Prioridade é seguir no Brasil e manter protagonismo
Aos 28 anos, Villasanti entende que vive um momento decisivo da carreira. Pessoas próximas ao jogador indicam que a prioridade é permanecer no futebol brasileiro, onde ele se adaptou plenamente, ganhou visibilidade e se consolidou como um meio-campista de alto rendimento. A estabilidade profissional e o nível competitivo do campeonato pesam de forma significativa nessa escolha.
O interesse do São Paulo e o alinhamento com o estafe
Do lado paulista, o interesse é tratado como oportunidade estratégica. O São Paulo busca um volante pronto, com leitura tática, intensidade e liderança. As bases iniciais de salário e tempo de contrato já foram alinhadas com o estafe de Villasanti, restando agora uma definição do Grêmio para que qualquer avanço concreto aconteça.
No Grêmio, cautela e leitura além do valor financeiro
Internamente, o assunto é tratado com cuidado.

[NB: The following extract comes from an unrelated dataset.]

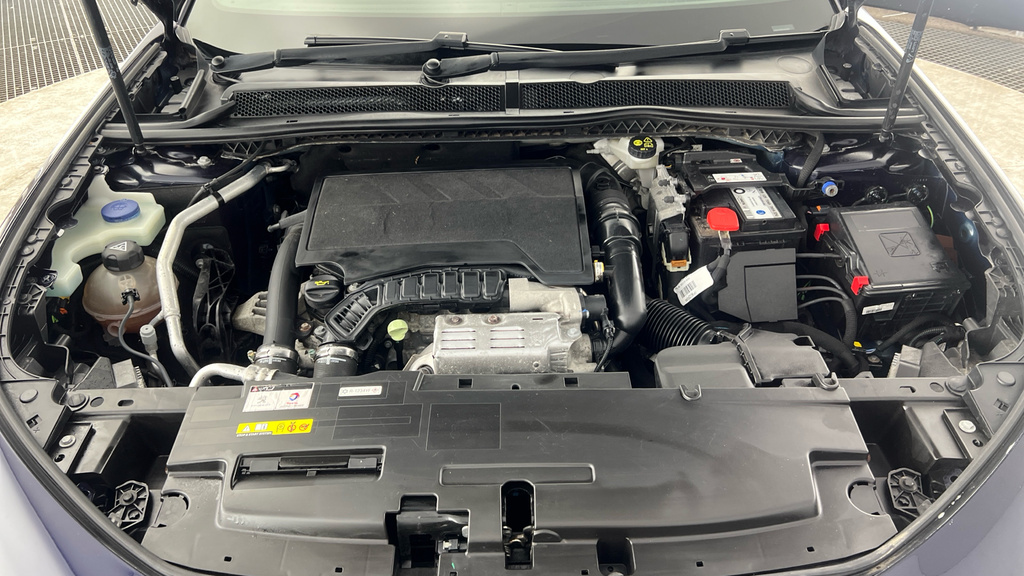 Peugeot 508 508 Gt Premium Puretech Ss White #29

Villasanti é visto como peça-chave pela regularidade, capacidade defensiva e inteligência de posicionamento. A diretoria avalia não apenas a compensação financeira de uma possível venda, mas o impacto esportivo imediato e a dificuldade de reposição no mercado.
Tentativa de troca não avança e reforça impasse
Durante as conversas iniciais, o Grêmio tentou incluir o zagueiro Sabino como parte do negócio. A resposta do São Paulo foi direta: o defensor faz parte do planejamento para 2026 e não está disponível para negociação. Com isso, qualquer acordo tende a ocorrer apenas mediante valores financeiros, sem atletas envolvidos.

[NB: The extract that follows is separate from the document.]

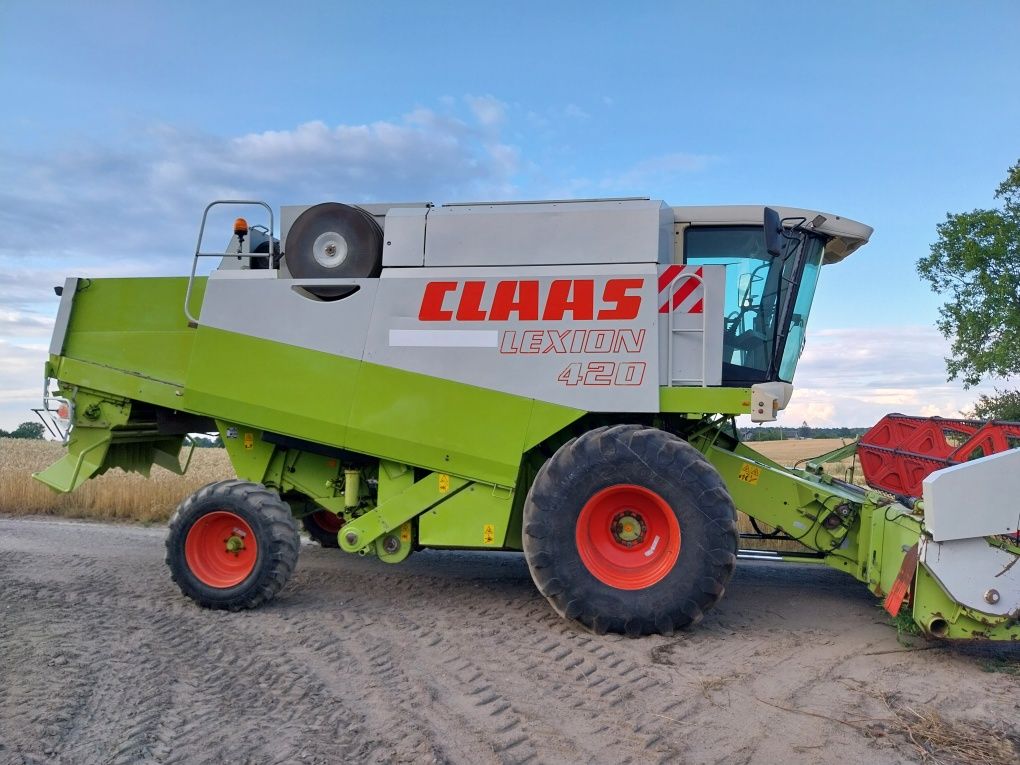 Kombajn Claas Lexion 420 (John deere/New holland)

Uma decisão que envolve mais do que números
A possível saída de Villasanti extrapola a lógica simples de compra e venda. Perder um jogador desse perfil exige reposição rápida, qualificada e certeira — algo que nem sempre o mercado oferece. O clube precisa equilibrar planejamento esportivo, cenário econômico e visão de médio prazo antes de tomar uma decisão definitiva.
O tempo corre e o Grêmio precisa escolher o caminho
Enquanto o São Paulo aguarda, Villasanti observa e o mercado acompanha. Para o Grêmio, a definição representa mais do que o destino de um atleta: simboliza a forma como o clube pretende conduzir seu futebol a partir de agora. Escolher bem é essencial. Errar, neste momento, pode custar caro em 2026.